Dans le monde feutré et mystérieux de la F1, la stratégie fait partie des secteurs les plus déterminants.

Article rédigé par Xavier Richard, franceinfo: sport
France Télévisions - Rédaction Sport
Publié Mis à jour
Temps de lecture : 9min
Cyril Abiteboul durant les essais de présaison de Formule 1, à Barcelone, en février 2020, lorsqu'il dirigeait l'écurie Renault. (DPPI / AFP)

"On se souvient des stratégies glorieuses, beaucoup moins des foireuses." Il en est une qui est restée dans la mémoire de Cyril Abiteboul quand il dirigeait Renault F1. Imola 2020. Au 51e des 63 tours du Grand Prix d’Emilie-Romagne, Valtteri Bottas éclate un pneu et provoque l’entrée de la voiture de sécurité. A la différence des autres pilotes, Daniel Ricciardo reste en piste avec ses pneus durs et remonte au 3e rang. La course reprend à cinq tours du drapeau à damier.
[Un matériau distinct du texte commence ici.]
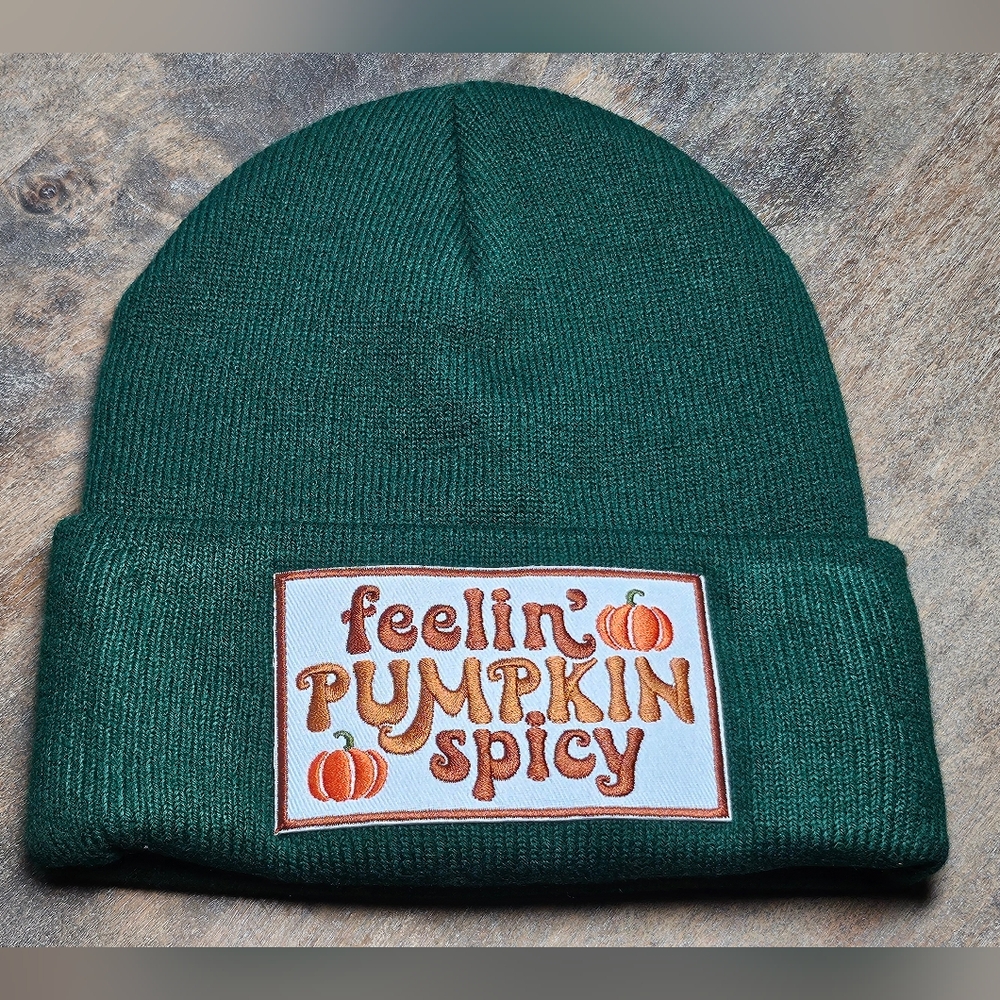 NWT Green Soft Knit Beanie With Embroidered Patch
Malgré ses pneus usés, l’Australien résiste et monte sur le podium. L’écurie française exulte : sa stratégie audacieuse lui offre son deuxième podium de la saison, le deuxième pour Renault depuis 2011.
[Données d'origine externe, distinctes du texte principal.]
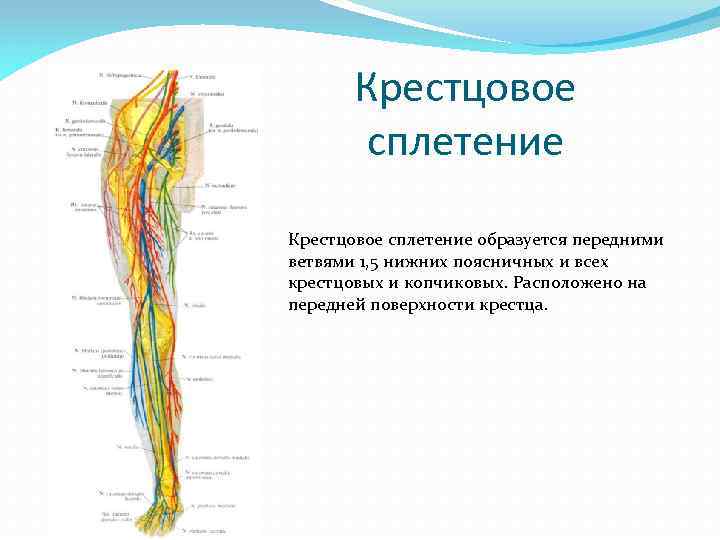 Областью иннервации крестцового сплетения являются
Fruit d’une réflexion intense, d’une collection de données et d’une solide expérience, la stratégie est indissociable de la Formule 1. Elle se décide à l’abri des regards dans le plus grand des secrets. Red Bull est passé maître en la matière après des années à courir derrière les insolentes Mercedes. "Cette écurie a eu un avantage fort dans ce secteur", indique Cyril Abiteboul. "Quand on a tout à perdre ou tout à gagner, la capacité à prendre des risques est complètement différente. La position de Red Bull leur a permis d’être audacieux face à une équipe qui était très dominatrice." C’est tout le sel d’un sport où rien n’est jamais écrit à l’avance.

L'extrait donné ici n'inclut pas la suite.